Lorsque je volais des images de personnes et d’animaux qui se toisaient dans les zoos, une autre question s’est rapidement posée : qu’en est-il des animaux sans visage et sans yeux qui ne peuvent nous rendre notre regard, comme la méduse ? Un lien avec une telle altérité restait-il possible ?
Pour moi, le motif de la méduse symbolise le potentiel émancipateur d’une condition sans visage, sans individualité particulière. Être dépourvu•e de soi ou d’une représentation externe à laquelle se raccrocher — je pense que c’est là un concept émancipateur dans un monde à ce point centré sur l’image et l’égo.
Vous utilisez des archives photographiques personnelles et familiales, et vous incarnez Marina avant que son visage ne se métamorphose. Pourquoi cette implication personnelle ?
Ces photos d’archives personnelles faisaient partie du projet avant que l’histoire ne devienne celle d’un personnage dont le visage s’est transformé. Les inclure était tout à fait naturel pour moi, étant donné que dans mes précédents films (Las lindas et Aquí y allá), j’ai également exploité les archives photographiques de ma famille.

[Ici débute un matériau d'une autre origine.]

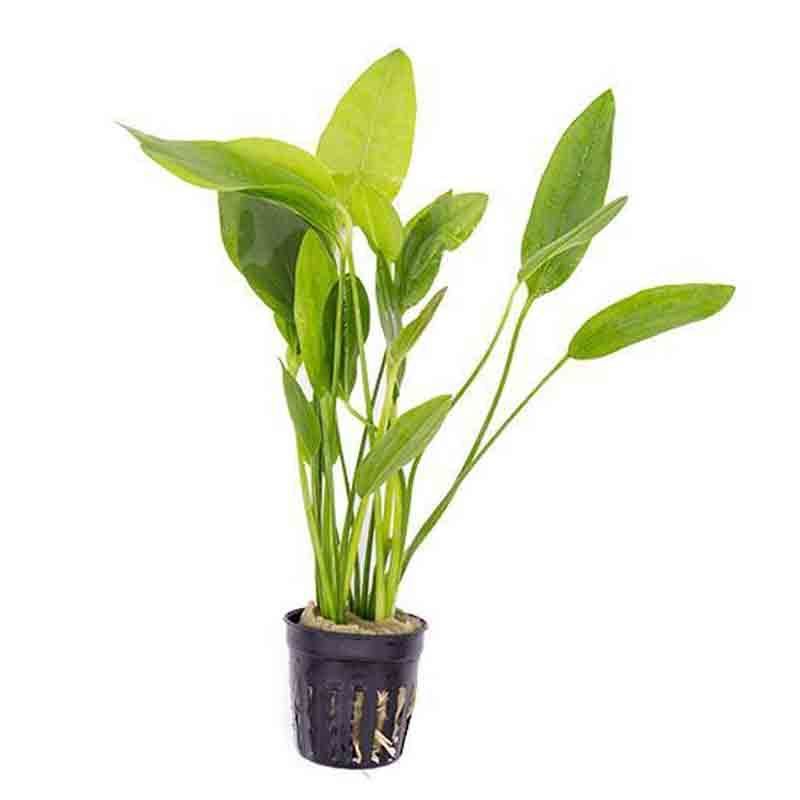 Echinodorus Grandiflorus for Sale South Africa | RSB Aquatics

Donc quand je travaillais sur Le visage de la méduse vers 2017 et 2018, cette logique m’habitait encore énormément. Je voulais utiliser des photos de carte d’identité et des portraits de classe, car ils revenaient sur l’idée d’identité officielle et institutionnelle qui nous définit si fortement. À mon sens, me servir de mes propres clichés m’a poussé à jouer encore plus avec la déconstruction des images. En effet, dans ce processus intime, je remettais en question ma propre identité sur un plan très personnel.

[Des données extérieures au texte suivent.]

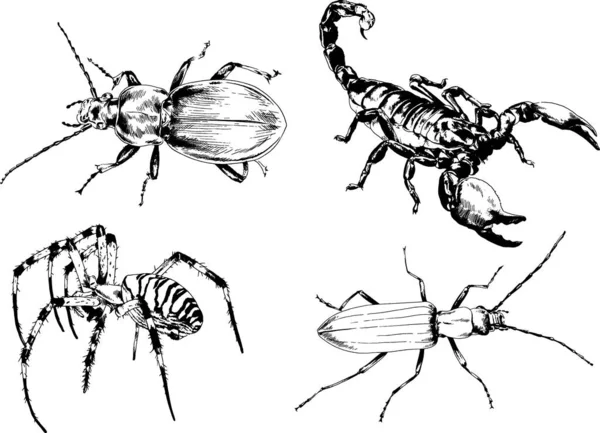 Vectortekeningen Schetst Verschillende Insecten Insecten Schorpioenen Spinnen Met Hand Getekend — Stockvector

Comment avez-vous collaboré avec l’actrice Rocío Stellato ?
Rocío Stellato a rejoint le projet très tôt, et c’était essentiel, car c’était la première fois que je travaillais sur un projet plus important, avec un scénario de fiction et des acteur•ice·s professionnel•le·s. Une fois que nous disposions de la version (presque) définitive du scénario et de la date de tournage, nous avons eu le privilège d’effectuer de nombreuses répétitions avec elle et les autres acteur•ices. Cela nous a aussi aidé•e·s à avoir une idée assez claire au tournage de ce que nous recherchions.

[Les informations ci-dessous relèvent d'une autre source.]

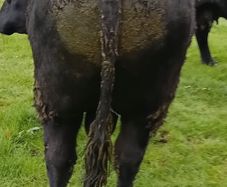 Angus bull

Dans la collaboration avec Rocío, nous avons surtout parlé des émotions du personnage dans chaque scène, de ses motivations profondes à chaque instant, essentiellement de ses états d’âme. Nous avons également beaucoup travaillé le ton. Nous voulions obtenir quelque chose d’assez sec, une certaine distance s’imposait pour donner de la place à l’humour et à l’absurdité. Nous ne pouvions pas nous laisser aller à l’expression des sentiments. Je pense que Marina est un personnage plutôt introspectif, qu’un conflit existentiel l’anime, et pour moi Rocío lui confère ce genre de sérieux et de préoccupation constante tout en demeurant parfois maladroite et perdue. Je me souviens que Rocío m’a dit qu’elle aimait pouvoir voir un personnage patauger et se tromper dans un film. Or elle a senti que c’était justement notre objectif, et j’ai trouvé ça édifiant.